Hi All.
Currently, my goal is to figure out if crispr/cas approach is inducing mutations besides the desired long deletion in a gene. i compare one wildtype sample vs four clones (ipsc, coming from wt). I used gatk4.6.2 and haplotypecaller. All was fine and well until i looked into the details of some output files.

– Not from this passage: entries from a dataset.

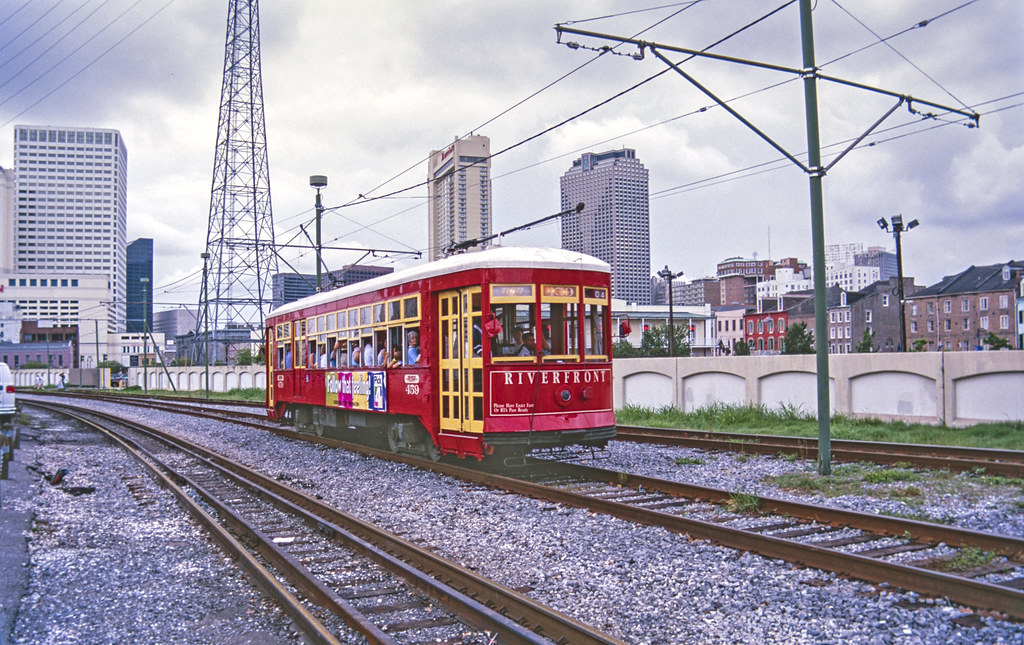 Riverfront trolley in New Orleans, Louisiana, 2000 Flickr
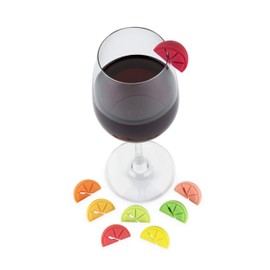 TrueZoo True Fabrication Citrus Charms Glass Markers (Set of 8), 1.25"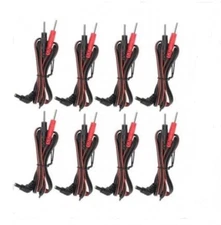 8 TENS Unit Lead Wires FOR INTENSITY 10 TENS 2500 3000 7000 EMS 7500 TWIN STIM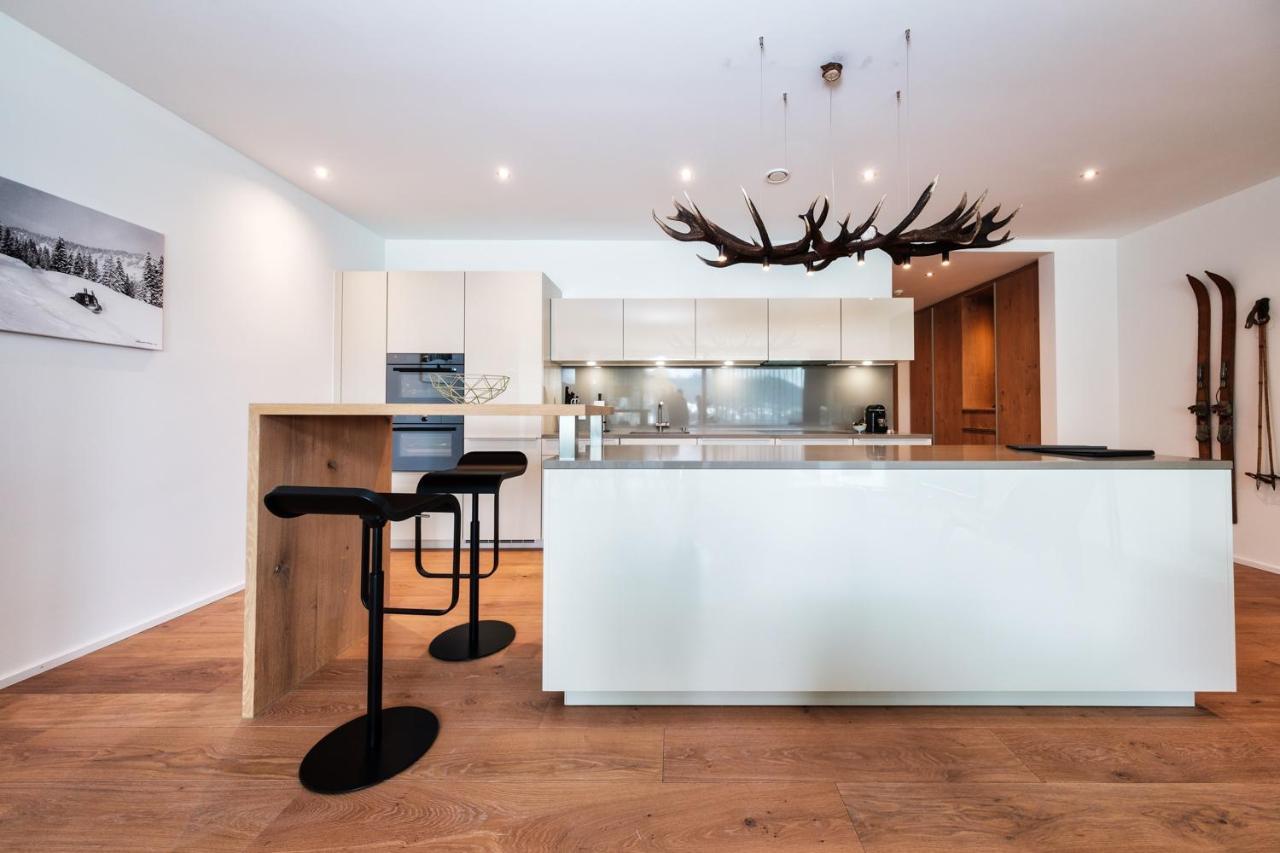 Luxury Panorama Apartment With Alpengold Spa Access Davos Exterior photo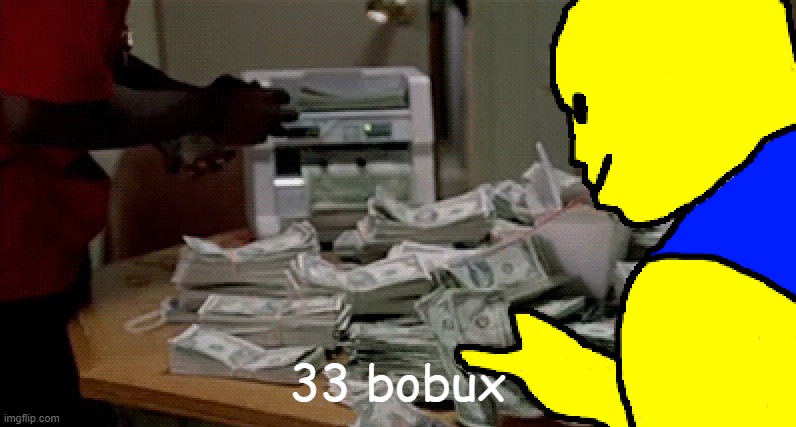 33 bobux | 33 bobux | image tagged in roblox,gaming,games,roblox meme,roblox noob,bobux | made w/ Imgflip meme maker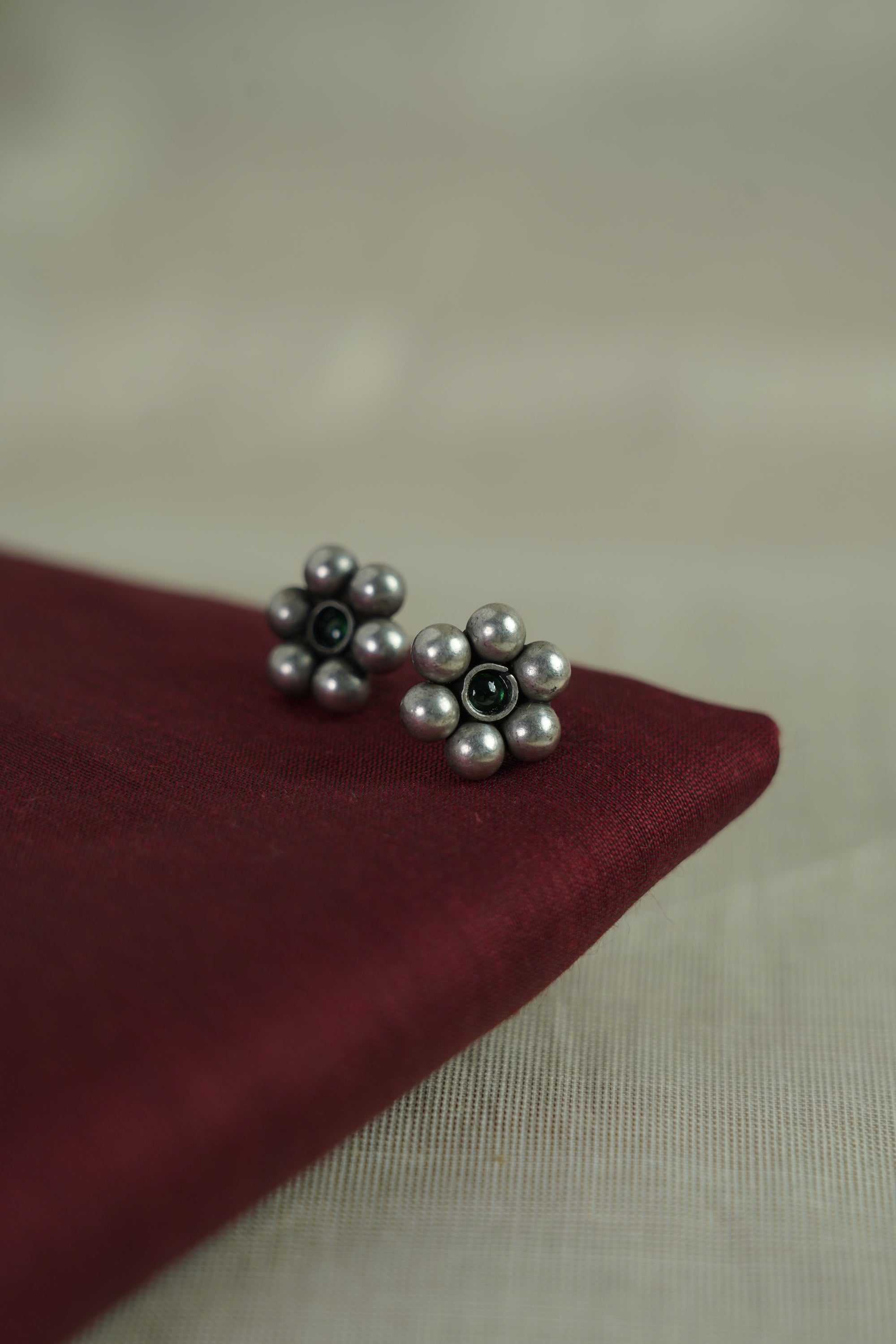 Floral Butti with Bead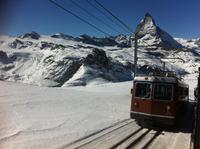 Fahrtimpressionen von der Gornergratbahn &ndash; &copy; Katrin Deutschbein (Eberhardt TRAVEL)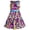 Purple Paisley, variant on Girls Dress Flower Brown Sundress Summer Beach Dress 2-3 Years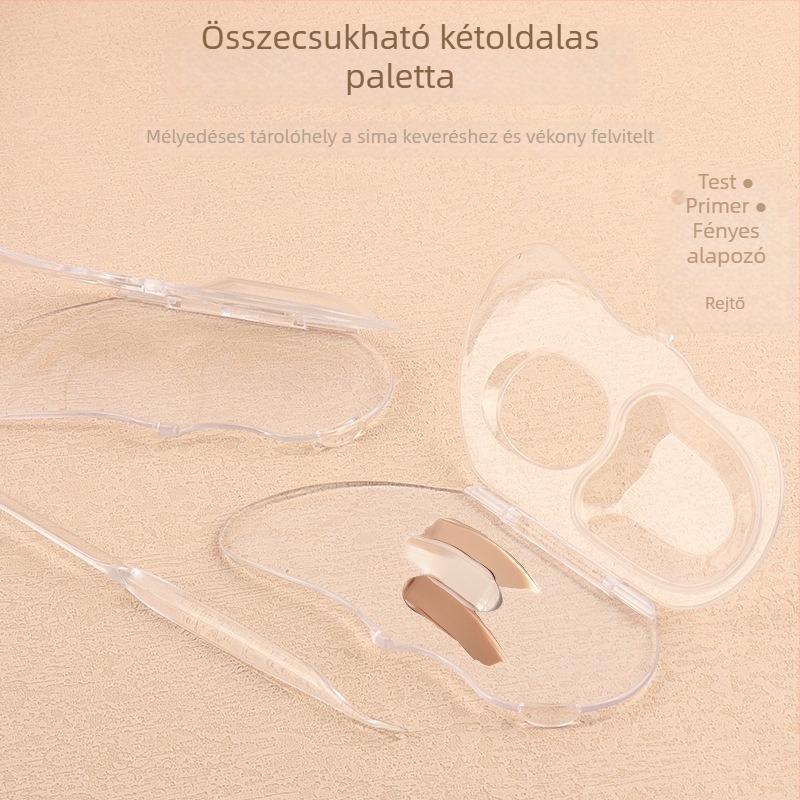 Összecsukható átlátszó alapozó paletta — 33 g, keverő- és tároló tábla profi sminkeseknek
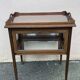 Glass tea table with its tray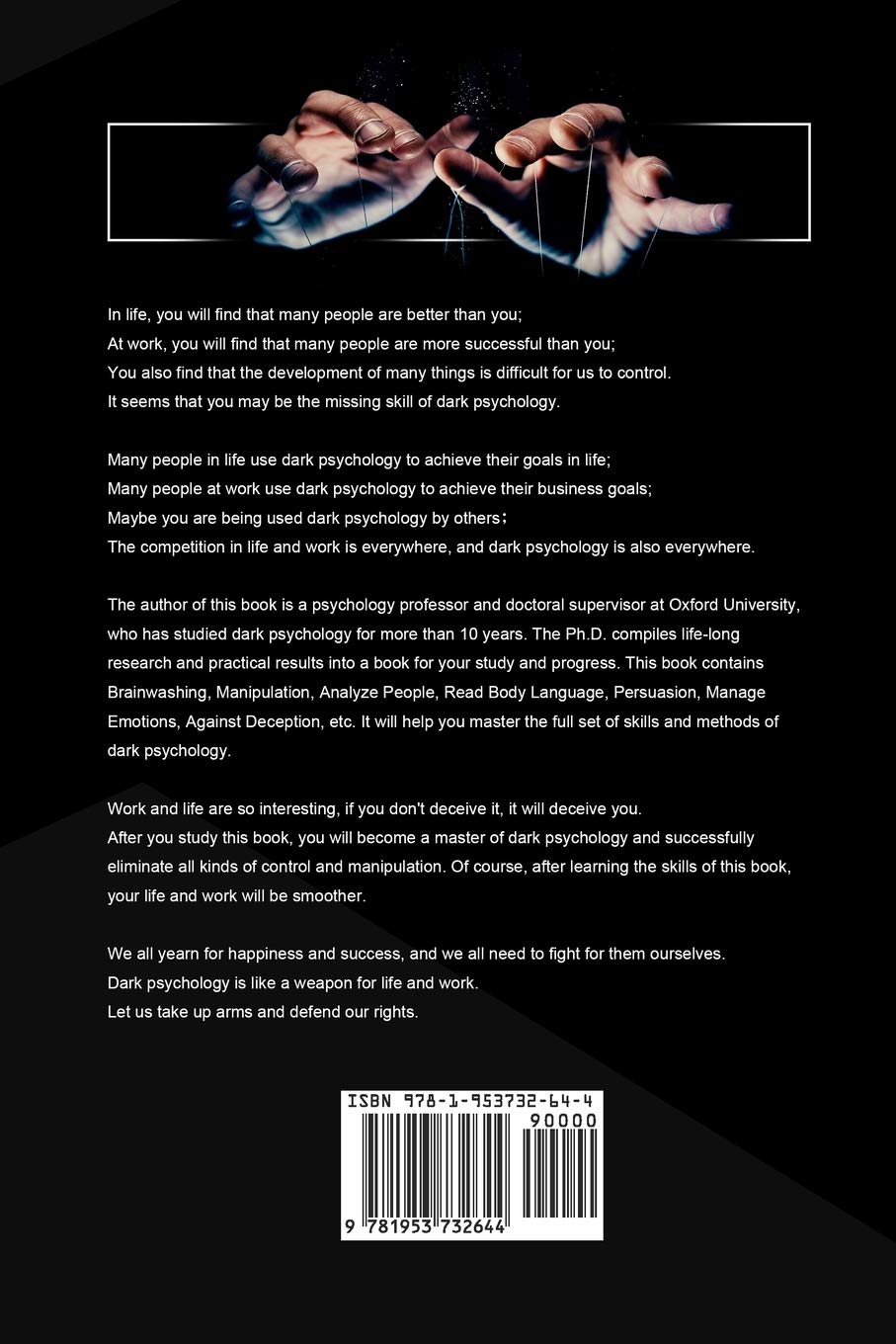 Dark Psychology, Manipulation & Body Language Guide: Learn Brainwashing Techniques, Analyze People, Read Body Language, Master Persuasion & Emotional Control - Defend Against Deception (For Relationships, Business & Self-Protection)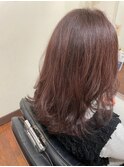 無造作ウェーブ×スカーレット20代30代40代大人可愛いロング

when i compared haplotypecaller output without -ERC mode and with that flag, i realized by accident that a snv was missing when using -ERC. With IGV i had a manual look and found that this variant look great and was heterozygout, as output by haplotypecaller in normal mode. also the quality was good.
Then with mpileup i tried to figure out if everything look okay.
samtools mpileup -r chr1:93996081-93996081 -f ./Homo_sapiens_assembly38.fasta -q 30 -Q 20 -aa -d 100000 WT.bqsr.bam
[mpileup] 1 samples in 1 input files
chr1 93996081 C 33 .G..g.gG.,,G.g...GG.G.GGGG.,gGGG. mlFlkFkFlGkFaFlFEFQmElkFFEEmkFEFC
eventually, i also tried to call with DeepVariant and was not able to find that variant.
Summed up, I am confused on what to trust and getting trust issues with these tools. I would want to go into -ERC mode and do joint genotyping of all samples before i split again with bcftools view ... into single vcf and go on with annotation, parsing, etc. But my fear is that i lose variants like this, which seem to be obviously present when i have a manual look and were called in single-call mode for every sample, not only wildtype. Would be bad if i lose random variants in an experiment, which should detect off-targets by the knockout approach with crispr/cas.
Any suggestions or help you could share, is appreciated. : ) thanks. cheers.
please, show us an IGV screenshot of the position
GATK realign the reads locally, discards reads with too much clipping, etc... you may not have the same results that with mpileup.